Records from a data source
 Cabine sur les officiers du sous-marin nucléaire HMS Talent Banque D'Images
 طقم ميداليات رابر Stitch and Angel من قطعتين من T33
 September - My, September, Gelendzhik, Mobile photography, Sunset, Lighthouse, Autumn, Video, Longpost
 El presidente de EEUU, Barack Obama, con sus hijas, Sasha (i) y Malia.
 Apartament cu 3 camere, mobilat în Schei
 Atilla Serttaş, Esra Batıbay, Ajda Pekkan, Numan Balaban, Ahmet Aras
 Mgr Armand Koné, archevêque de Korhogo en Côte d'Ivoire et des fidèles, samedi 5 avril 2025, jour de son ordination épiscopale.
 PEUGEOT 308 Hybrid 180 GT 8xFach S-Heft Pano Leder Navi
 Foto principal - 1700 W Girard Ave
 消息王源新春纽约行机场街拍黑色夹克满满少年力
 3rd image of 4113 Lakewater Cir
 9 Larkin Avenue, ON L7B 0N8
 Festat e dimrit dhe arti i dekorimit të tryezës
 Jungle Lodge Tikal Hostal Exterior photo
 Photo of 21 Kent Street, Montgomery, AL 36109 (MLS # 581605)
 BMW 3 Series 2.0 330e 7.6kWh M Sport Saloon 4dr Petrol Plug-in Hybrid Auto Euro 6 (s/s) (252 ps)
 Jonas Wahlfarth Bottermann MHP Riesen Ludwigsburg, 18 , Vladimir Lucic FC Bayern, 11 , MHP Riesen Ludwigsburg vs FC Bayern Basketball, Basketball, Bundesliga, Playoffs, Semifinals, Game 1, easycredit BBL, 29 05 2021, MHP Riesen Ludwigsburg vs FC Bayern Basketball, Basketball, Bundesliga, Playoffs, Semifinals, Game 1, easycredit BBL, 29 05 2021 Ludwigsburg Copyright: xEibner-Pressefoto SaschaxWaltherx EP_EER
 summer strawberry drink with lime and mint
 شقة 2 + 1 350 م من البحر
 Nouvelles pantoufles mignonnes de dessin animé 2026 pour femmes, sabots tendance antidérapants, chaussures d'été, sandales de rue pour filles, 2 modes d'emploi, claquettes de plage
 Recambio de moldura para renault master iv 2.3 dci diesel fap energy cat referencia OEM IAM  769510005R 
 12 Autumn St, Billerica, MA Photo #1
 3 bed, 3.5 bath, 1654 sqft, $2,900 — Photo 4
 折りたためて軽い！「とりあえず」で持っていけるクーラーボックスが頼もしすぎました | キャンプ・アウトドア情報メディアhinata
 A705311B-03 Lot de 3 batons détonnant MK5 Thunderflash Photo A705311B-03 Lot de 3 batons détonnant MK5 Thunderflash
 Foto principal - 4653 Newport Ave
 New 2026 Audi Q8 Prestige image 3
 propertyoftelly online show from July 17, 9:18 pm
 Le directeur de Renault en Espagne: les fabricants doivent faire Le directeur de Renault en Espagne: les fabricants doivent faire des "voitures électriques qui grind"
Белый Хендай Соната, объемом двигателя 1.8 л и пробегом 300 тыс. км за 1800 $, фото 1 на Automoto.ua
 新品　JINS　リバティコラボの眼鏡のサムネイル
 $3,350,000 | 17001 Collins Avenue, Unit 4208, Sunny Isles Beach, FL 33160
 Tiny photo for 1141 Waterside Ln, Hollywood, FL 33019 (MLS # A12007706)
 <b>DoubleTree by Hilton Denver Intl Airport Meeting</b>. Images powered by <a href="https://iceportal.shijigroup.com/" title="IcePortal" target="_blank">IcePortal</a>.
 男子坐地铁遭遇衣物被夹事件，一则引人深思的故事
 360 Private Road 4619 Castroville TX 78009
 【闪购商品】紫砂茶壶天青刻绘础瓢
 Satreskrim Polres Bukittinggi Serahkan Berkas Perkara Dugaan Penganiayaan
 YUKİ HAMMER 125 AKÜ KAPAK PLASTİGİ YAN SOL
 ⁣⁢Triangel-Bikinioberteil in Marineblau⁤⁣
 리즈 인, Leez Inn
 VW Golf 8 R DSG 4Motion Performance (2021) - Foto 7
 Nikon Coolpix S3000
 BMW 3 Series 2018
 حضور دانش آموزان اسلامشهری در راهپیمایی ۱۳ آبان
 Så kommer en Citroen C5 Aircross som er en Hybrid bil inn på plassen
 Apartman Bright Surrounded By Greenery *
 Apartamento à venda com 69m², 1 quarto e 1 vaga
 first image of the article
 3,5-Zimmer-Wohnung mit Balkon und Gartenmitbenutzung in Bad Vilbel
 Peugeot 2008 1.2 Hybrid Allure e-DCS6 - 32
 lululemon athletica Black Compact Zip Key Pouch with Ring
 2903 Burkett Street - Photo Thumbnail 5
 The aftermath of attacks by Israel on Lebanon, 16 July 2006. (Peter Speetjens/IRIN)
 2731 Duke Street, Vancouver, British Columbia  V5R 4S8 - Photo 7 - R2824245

About this exercise
Locate the word "Hybrid" in the entries, and copy every line where it is found.

Reply
 PEUGEOT 308 Hybrid 180 GT 8xFach S-Heft Pano Leder Navi
 BMW 3 Series 2.0 330e 7.6kWh M Sport Saloon 4dr Petrol Plug-in Hybrid Auto Euro 6 (s/s) (252 ps)
 Så kommer en Citroen C5 Aircross som er en Hybrid bil inn på plassen
 Peugeot 2008 1.2 Hybrid Allure e-DCS6 - 32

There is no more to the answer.